Scaling Real-Time Financial Data Infrastructure: A Modern Security Master Blueprint

Why Your Legacy Security Master Can’t Keep Up

Security master, a centralized repository for all financial instrument data that serves as the golden source of truth widely developed and used within financial institutions, was primarily a back-office system focused on reliability and end-of-day accuracy. However, its role has shifted significantly over the years. The demands of modern trading and risk management have turned the security master into a critical, real-time component within the system, exposing some fundamental limitations of legacy infrastructure.

Latency: Decades ago, not too much would change in a second. Today, a single second contains entire market moves. For high-frequency trading (HFT), pre-trade checks, and real-time risk, the security master’s lookup latency translates directly to lost profitability or unmanaged exposure. Every millisecond matters.
Exploding Data Volume: A modern security master must keep track of tens of millions of records (i.e., stocks, cryptocurrencies, intricate derivatives, ETFs, and structured products), each with hundreds of constantly changing attributes. These datasets now range from hundreds of gigabytes to several terabytes.
Concurrency: The security master is no longer just a back-office batch system. It’s a real-time API, handling hundreds of thousands, even millions, of simultaneous requests from traders, algorithms, and risk engines. Legacy systems simply can’t handle this volume, leading to unpredictable delays and service outages.

The requirement of low latency, massive scale, and extreme concurrency has rendered yesterday’s solutions insufficient, creating a critical infrastructure gap. To move forward, we must first rethink the core architecture of the security master itself.

Architectural Principles for a Modern Security Master

Faced with these demands, the blueprint for a modern security master shifts from a simple data store to a platform built on core architectural pillars. These principles are agnostic of any specific technology, but they define the capabilities required to bridge the infrastructure gap. A viable solution must excel in three key dimensions:

Vertical and Horizontal Scalability: The architecture must efficiently utilize all resources on a single server (vertical scaling), fully leveraging modern multi-core CPUs, while also supporting the seamless addition of nodes (horizontal scaling). This is essential for managing unpredictable load and massive dataset growth cost-effectively. In the meantime, it should be easy to deploy and manage both on-premises and in the cloud.
High Throughput Under Massive Load: The system must guarantee high, consistent throughput, sustaining at least millions of operations per second, even under tens of thousands of concurrent clients.
Efficiency with Complex and Large Datasets: The data model must be inherently efficient at scale, storing tens of millions of securities, each with tens to hundreds of dynamic attributes. The architecture must provide rapid access to this nested data with minimal overhead, directly impacting performance and cost even as data volumes grow 10x or more.

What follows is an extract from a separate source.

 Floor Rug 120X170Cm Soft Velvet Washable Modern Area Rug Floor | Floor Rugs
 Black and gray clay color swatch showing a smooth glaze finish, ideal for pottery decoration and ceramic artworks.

Building a Security Master: Dragonfly as the Core Engine

Having established the core architectural principles for a modern security master, we now turn to implementation. This is where a performant in-memory data store like Dragonfly could be a compelling option. It sticks to the principles of both vertical and horizontal scalability and resource efficiency while introducing capabilities that enhance a key-value data store with a powerful, unified search experience.

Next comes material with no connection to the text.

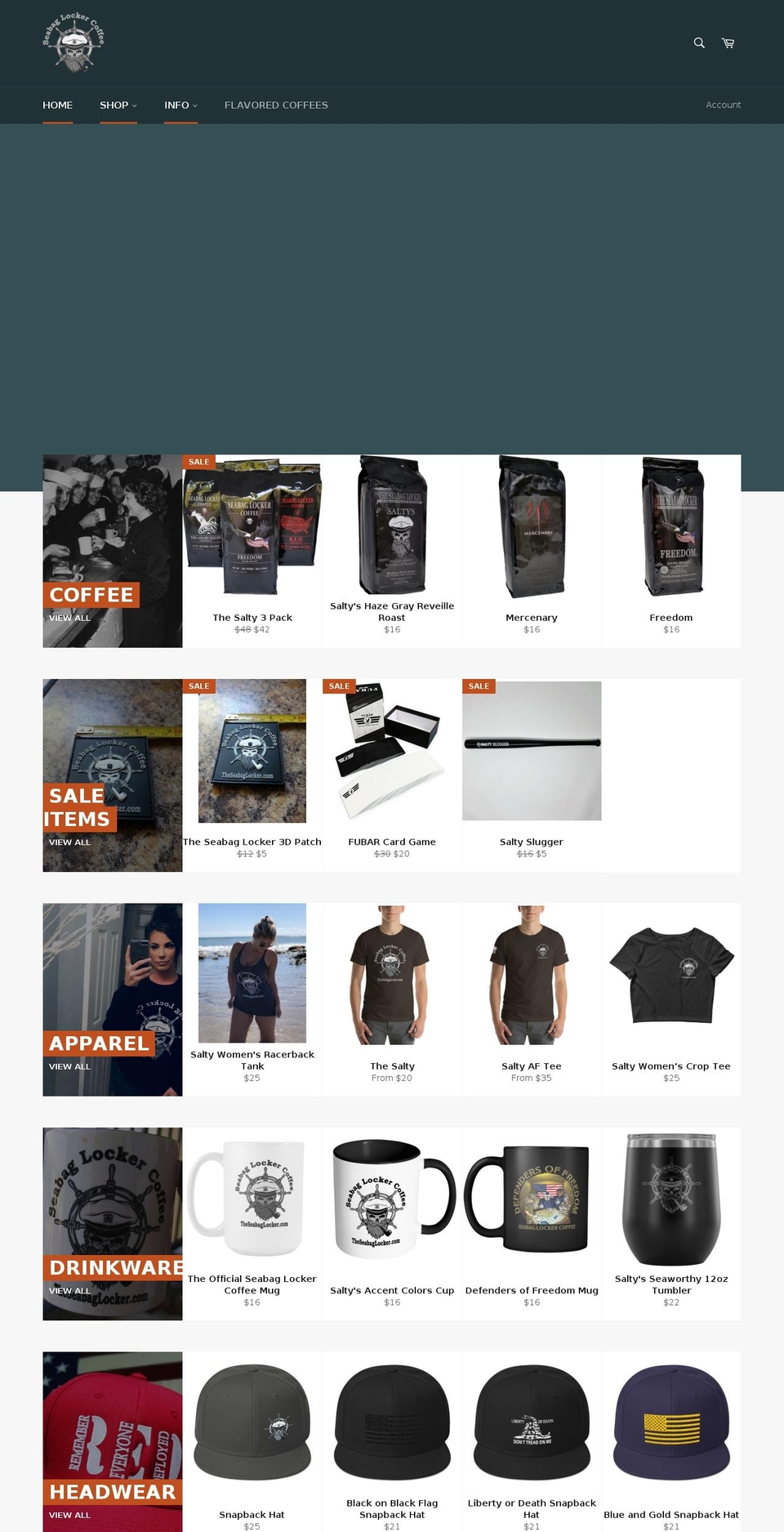 theseabaglocker.com — Shopify storefront screenshot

A Modern Data Store for Modern Data

Dragonfly is engineered from the ground up as a high-performance, multi-threaded in-memory data store designed for modern hardware. It offers full API compatibility with Redis, ensuring a straightforward migration path for existing applications. Its critical architectural advantage is the elimination of Redis’s single-threaded command execution bottleneck, allowing it to fully utilize multi-core CPUs. Beyond a single server, Dragonfly scales horizontally as well with Dragonfly Swarm. With native JSON support and integrated secondary indexing (tag, numeric, text, and vector), Dragonfly consolidates diverse access patterns into a single, high-performance data layer. If you want to follow along, the full code, including the detailed schema and all query examples from this post, is available in our public examples repository.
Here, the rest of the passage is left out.